Mary entered our magazine lives in 2007, like a Texas tornado, wrapped in a package of talent, joy, love and laughter. Her reputation as a feared food critic preceded her but it was her keen mind and her crackling writing that is why she became the longest-serving editor in Salt Lake magazine’s 30-plus-year history. Mary saw things, really saw them and loved the brain-tease of stacking those observations into tidy sentences that tickled her.

She respected food and the people who make it; she understood the life of a chef and the language of service. Her work defined and championed our city’s culture. A city needs someone to tell its stories and Mary’s no-bullshit sensibility filled that need.

For Mary, there was no such thing as work-life balance, it was all just life.
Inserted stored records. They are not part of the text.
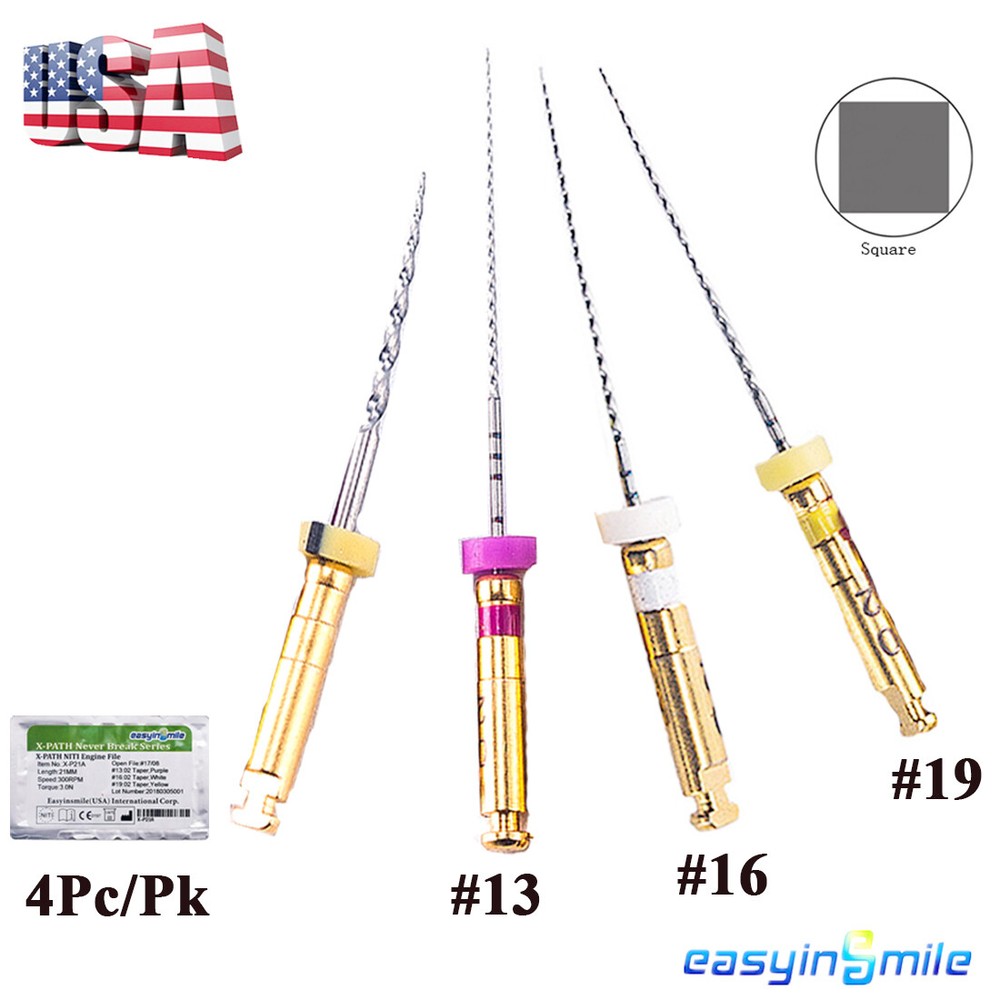 4Pc Endodontic Glide Path Files Dental Endo NITI Rotary File 25/21mm #13 02Taper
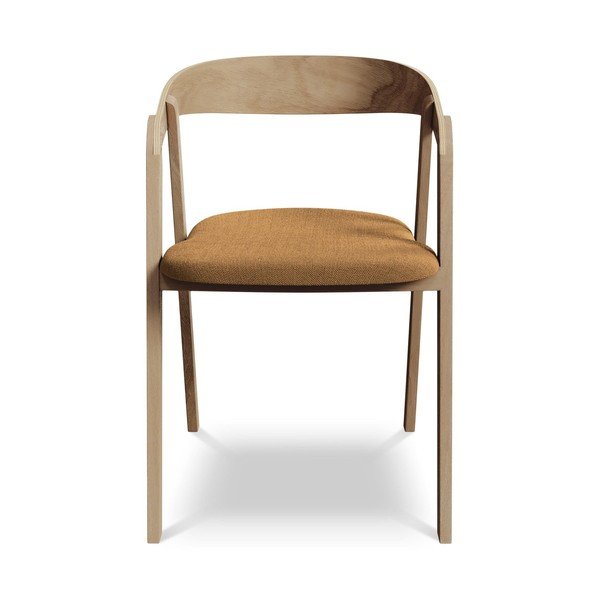 Sedia da pranzo color terracotta in legno massiccio Erika – Makamii-image-1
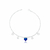 Tornozeleira de Prata Coração Cristal Azul 23cm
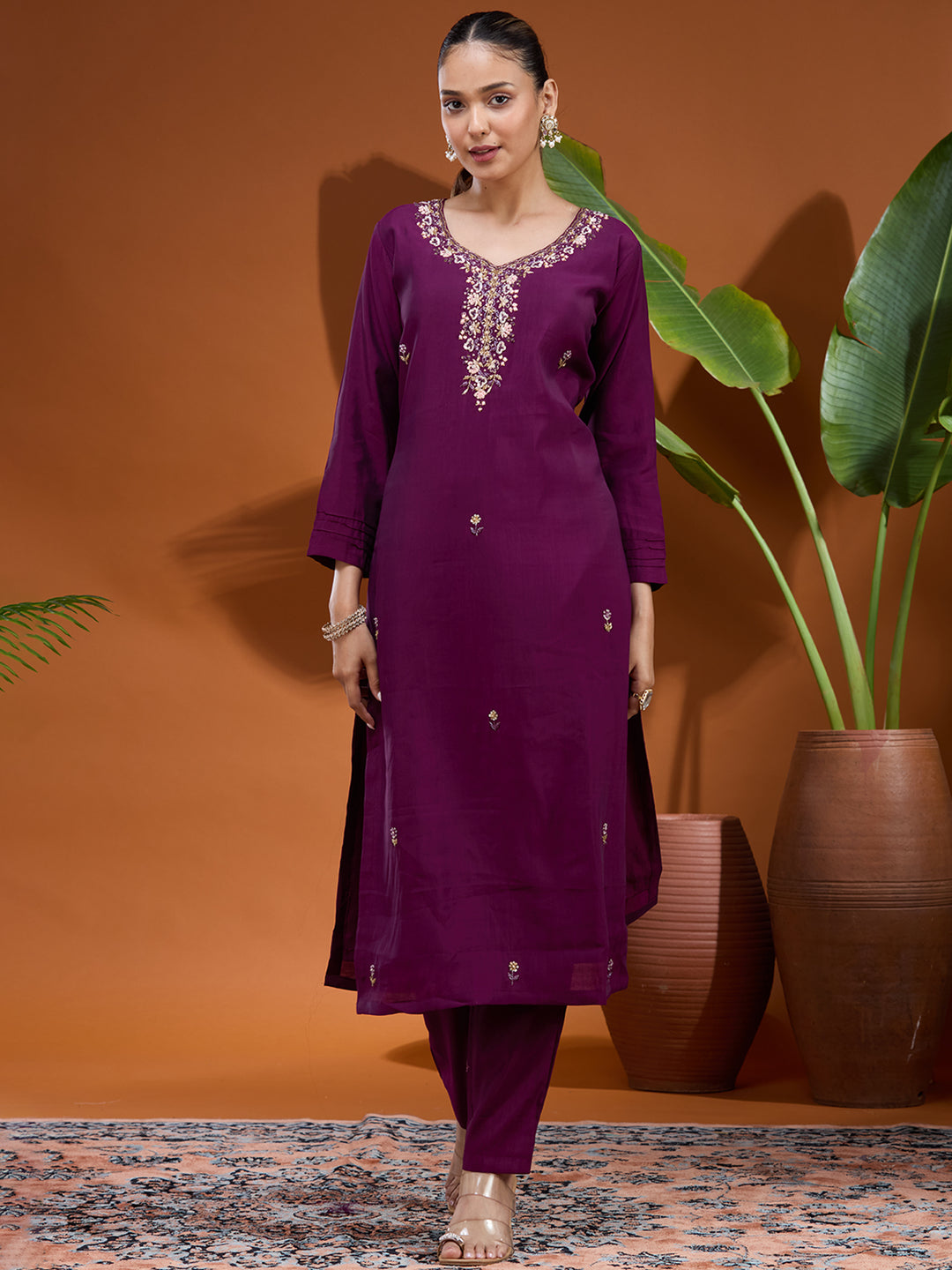Wine Threadwork Chanderi Readymade Salwar Suit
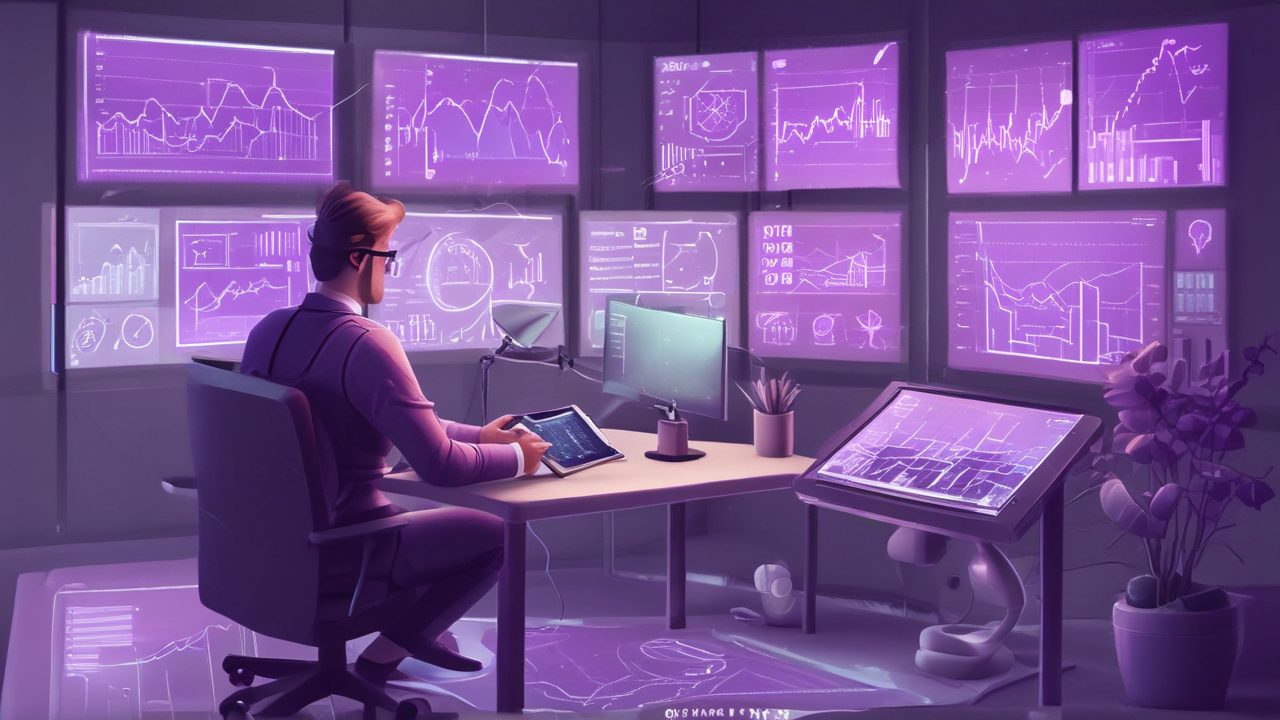 Office worker studies financial charts on a tablet amid futuristic tech and eco-friendly decor with purple tones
Her living room was Salt Lake’s salon. Artists, journalists, historians, chefs, bartenders, politicos and sommeliers mingled in a lively mess of joy, poorly played trumpets and a couch that was always open to crash on. We were all the strays and misfits that she took in and were forever welcome. Her late husband Glen Warchol, whose death is also not to be believed, told me, “Once you’re in with Mary, you’re in. There’s no getting out. She won’t let you.”

Our city will never have another Mary. She was a real dame. A love child of Raymond Chandler and Janis Joplin who lived, truly lived and touched everyone she met with her love.

Plus, she would think getting swept off a pier by a random wave was funny as hell.

xxoomm.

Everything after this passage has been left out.